2015年1月9日 10:25
グッスマが国内工場を新設した意図とは? 安藝社長が描くホビー業界のビジョンと新たな挑戦
○将来を見据え、鳥取県に工場を新設
現在、フィギュアを始めとするホビー商品の生産は、ほぼ100%海外で行われている。特に生産の大半を担っているのは中国だ。これはグッドスマイルカンパニーに限った話ではなく、ホビー業界全体に当てはまる話である。人件費などのコストが日本よりも安く、さらに長く続いていた円高も大きな理由の一つだった。しかし、今後を見据えた時「このまま中国で生産のすべてを続けていていいのかという思いがあった」と安藝社長は話す。
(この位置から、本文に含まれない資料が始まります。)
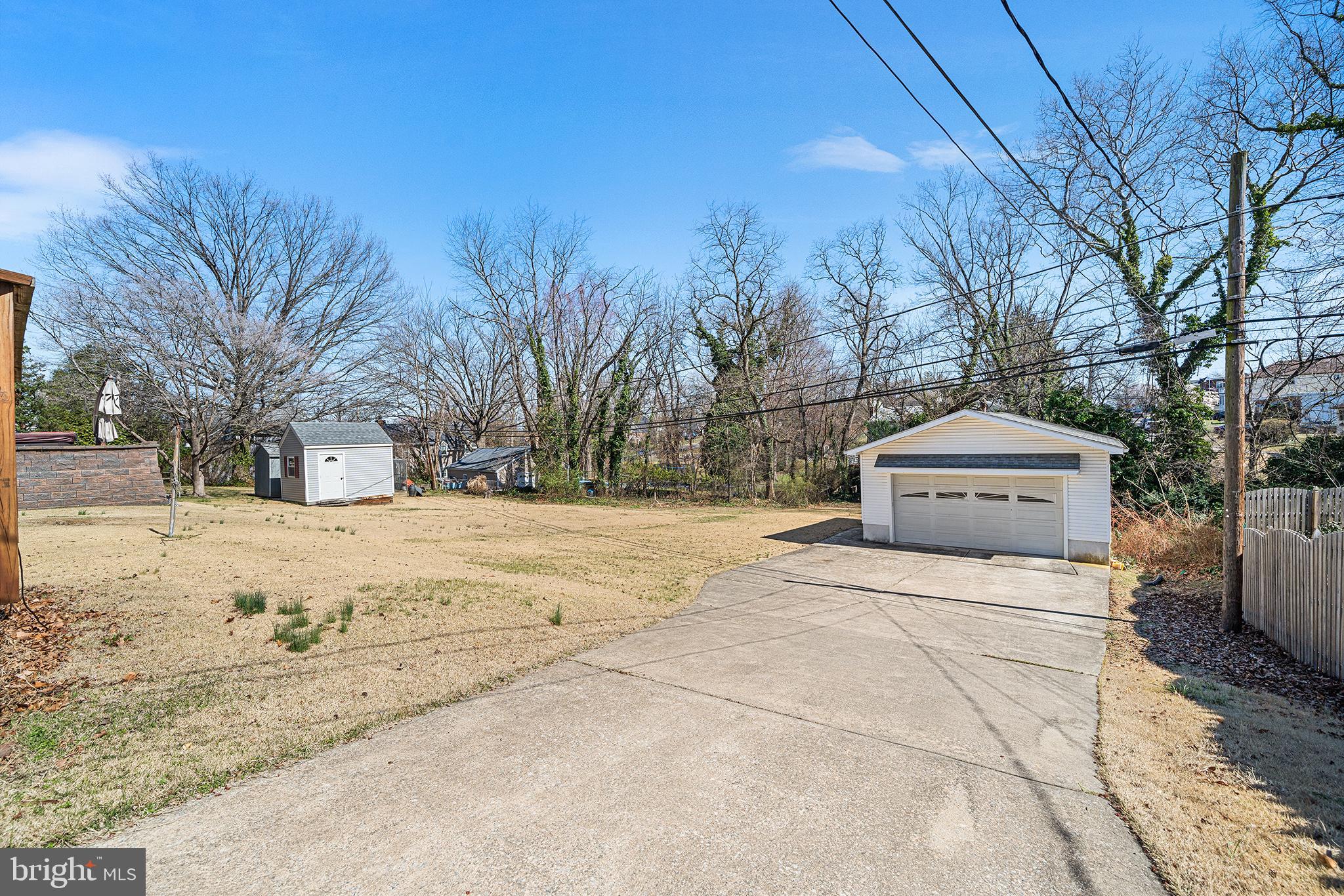 310 Manor Circle Folsom, PA 19033 - Photo 30 of 31 a front view of a house with a yard covered with snow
「中国には出稼ぎ文化があり、人材が流動的です。特に生産計画を立てられる中間管理職の確保は非常に難しくなっているのが現状。ベトナムやフィリピン、マレーシアなどに工場を新設してリスクを分散する考え方もありますが、最近ではフィギュアの工程が増えて高度化しており、他国に持って行っても効率が落ちる可能性があるのです」
また、既存の工程で効率化を突き詰めようとすると、生産技術に関する「イノベーションが起きづらい」という問題もあったという。
こうした課題を解決すべく、安藝社長が選んだ次の一手が、国内工場の新設だったのだ。ではなぜ、鳥取県倉吉市だったのだろうか。
「色々な場所を検討したのですが、一番熱心に誘致してくれたのが鳥取県倉吉市だったのです。